Industri Pupuk : Akhirnya PIM Gagal Dapat Pasokan Gas

(Media Indonesia, 29 November 2007) - Pusri Holding dan Kementerian Negara BUMN menyayangkan keputusan pembatalan pasokan gas untuk PT Pupuk Iskandar Muda (PIM). Pasalnya, untuk memperjuangkan pasokan gas itu, Holding dan pemerintah sudah melakukan pembicaraan selama hampir setahun.

“Kalau akhirnya keputusannya swap juga, buat apa ada pembicaraan selama hampir setahun. Itu kan bisa diputuskan oleh Holding sendiri untuk swap gas antar pabrik pupuk, “ ujar Sekretaris Menteri Negara BUMN Said Didu, seusai penandatanganan pakta integritas BUMN melawan korupsi di Jakarta, kemarin.

Menurut Didu, kementerian sebagai pengelola saham pemerintah di BUMN memilih untuk menjalankan PIM. Meski untuk itu ekspor gas ke Jepang dan Korea harus dikurangi. Pasalnya, dengan memasok gas ke PIM keuntungannya lebih besar ketimbang hanya mengekspor.

Menurut Said, keuntungan itu bukan hanya dari harga yang mencapai US$350/ton saat ini. Tapi juga keuntungan dari penyerapan tenaga kerja dan jaminan pasokan pupuk bagi petani. Selain itu, Didu mengingatkan untuk tercapainya kesepakatan negosiasi pasokan gas bagi PIM, sudah banyak tenaga, pikiran dan biaya yang dikeluarkan. Sehingga, bila keputusan akhir PIM kembali dipasok melalui swap gas, segalanya menjadi sia-sia.
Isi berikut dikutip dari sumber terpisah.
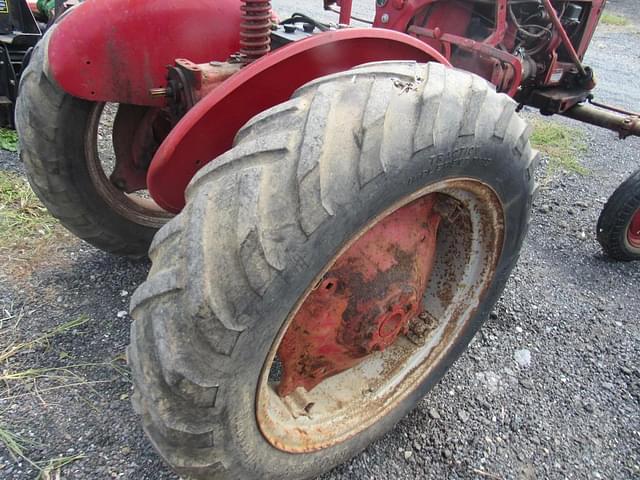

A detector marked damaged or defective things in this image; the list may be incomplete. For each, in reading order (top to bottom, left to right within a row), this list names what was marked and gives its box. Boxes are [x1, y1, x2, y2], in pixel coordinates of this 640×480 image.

rusty red fender [45, 0, 242, 106]
rusted metal surface [239, 0, 272, 60]
rusty red fender [149, 27, 450, 212]
rusted metal surface [276, 195, 440, 398]
rusty wheel hub [278, 193, 442, 396]
rusted metal surface [255, 180, 504, 454]
rusted metal surface [624, 209, 640, 249]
“Intinya kita menginginkan kebutuhan dalam negeri harus menjadi prioritas pemanfaatan gas,” ujarnya. Sementara itu, Kepala Badan Pengatur Hulu Miyak dan Gas (BP Migas) Kardaya Warnika mengatakan, alternatif yang ada untuk PIM hanya swap. Pasalnya, saat ini Indonesia masih terikat komitmen pemenuhan gas untuk ekspor. Kendati begitu, ia mengingatkan PIM akan mendapat pasokan gas dari Medco mulai 2009. Sehingga, sambil menunggu pasokan dari Medco, swap gas bisa menjadi pengisi kebutuhan. “Untuk lapangan gas di Aceh yang dikelola Exxon dan Pertamina, semuanya sudah ada kontraknya. Sedangkan PIM sampai saat ini belum memiliki kontrak.”